Columbia Pediatric Immunologist Mark Gorelik Calls CDC's Mask Guidelines for Children 'Senseless'

Dr. Mark Gorelik, a pediatric immunologist, said the Centers for Disease Control and Prevention's (CDC) newly released mask guidelines for children's summer camps are "senseless."

"We know that the risk of outdoor infection is very low. We know risks of children becoming seriously ill or even ill at all is vanishingly small. And most of the vulnerable population is already vaccinated. I am supportive of effective measures to restrain the spread of illness," Gorelik, an assistant professor of pediatrics at the Columbia University Vagelos College of Physicians and Surgeons, told New York Magazine.

He continued: "However, the CDC's recommendations cross the line into excess and are, frankly, senseless. Children cannot be running around outside in 90-degree weather wearing a mask. Period."

The new recommendations from the CDC have received some pushback from various pediatric experts who said the federal agency's rules go against what scientists known about the virus in children and force kids to unfairly bear the brunt of rigid mandates where the benefits do not outweigh the costs. Experts also argued that these rules are especially strict for the summertime, when the heat will become a difficult factor.

The CDC's guidance for youth and summer camps said that masks must be worn at all times—even outdoors—by everyone, included vaccinated adults and children as young as 2 years old. Campers must remain three feet apart at all times, including when outdoors.

"Irrational recommendations will do no good, could in this case do harm, and really discredit federal agencies," Gorelick said.

Dimitri Christakis, the editor-in-chief of the leading journal for pediatric medicine JAMA Pediatrics, agreed with Gorelick, calling the recommendations "unfairly draconian."

"We've consistently deprioritized the essential needs of human childhood. Keeping kids out of school, enforcing social distance on them," he told New York Magazine.

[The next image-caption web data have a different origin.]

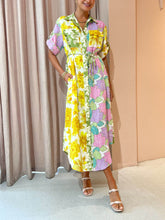 Laden Sie das Bild in den Galerie-Viewer, Multicolor Paneled Shirt-Style Midi Dress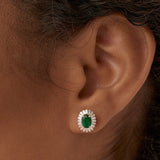 14k Emerald and Baguette Diamond Ballerina Stud Earrings  Ferkos Fine Jewelry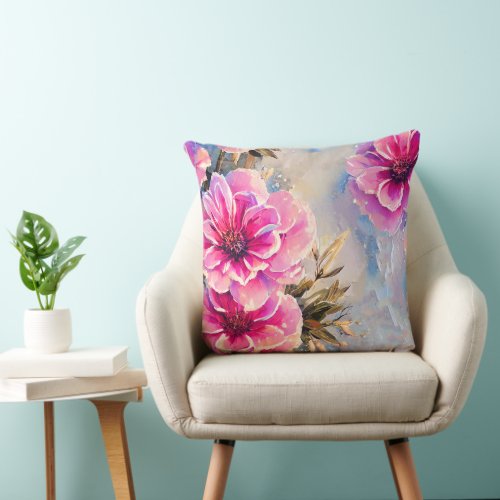 Pretty Shabby Chic Pink Flowers Floral Pattern Throw Pillow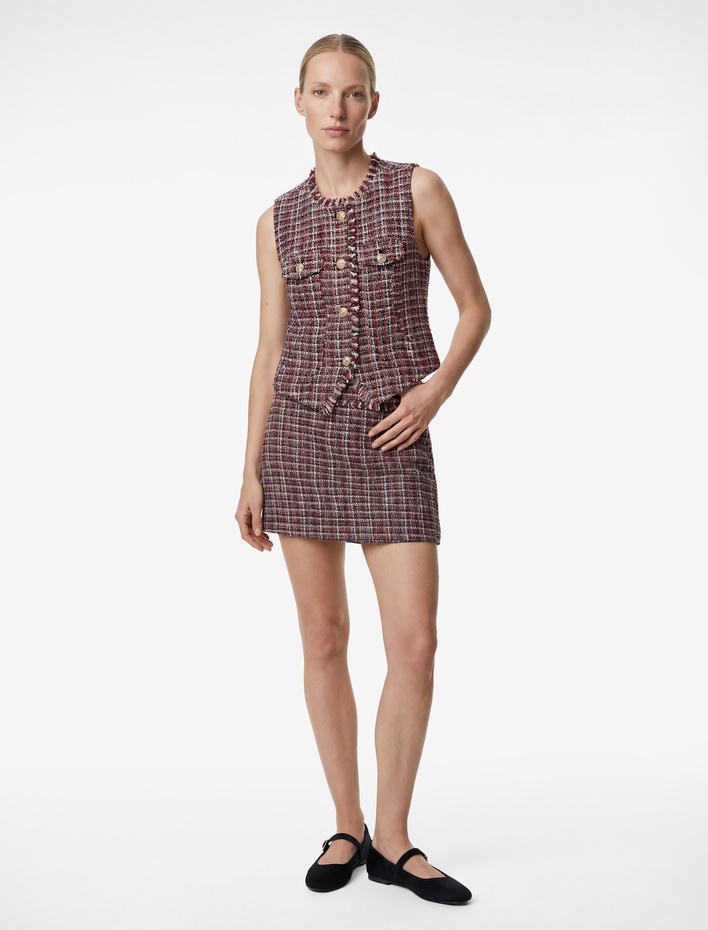  Kolsuz Bisiklet Yaka Düğmeli Metal Aksesuarlı Tüvit Yelek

Summer Camp Mask Kids CDC Pediatric Immunologist
A child wearing a mask jumps to pop bubbles in Washington Square Parkas the city continues Phase 4 of re-opening following restrictions imposed to slow the spread of coronavirus on September 13, 2020 in New York City. Columbia pediatric immunologist Mark Gorelik called the Center for Disease Prevention and Control's new guidelines for summer camps "senseless." Alexi Rosenfeld/Getty

Christakis, who is a pediatric epidemiologist at the University of Washington, argued that kids should be allowed to play in close proximity. He suggested that with regular rapid testing, which would be easy to implement, campers should be able to forgo masks entirely.

He added that even without weekly testing, children should be allowed to play sports without masks.

"Keeping children masked for activities like baseball and tennis is ridiculous," Christakis said.

Although the CDC has issued tight rules for summer camps, other health agencies have provided a looser framework for campers and staff to follow.

The World Health Organization (WHO) said that the main factor of consideration for masking children between the ages of 6 and 11 should be whether or not there is widespread transmission in the area.

The international agency also said children under the age of 6 shouldn't wear masks at all, and that children should specifically not wear one "when playing sports or doing physical activities, such as running, jumping, or playing on the playground, so that it doesn't compromise their breathing."

Comparably, the CDC recommends that everyone over the age of 2 should wear a mask.

Despite the criticisms, the CDC has defended its "layered" approach and said such guidelines protects both children and staff.

Gorelik declined Newsweek's request for additional comment.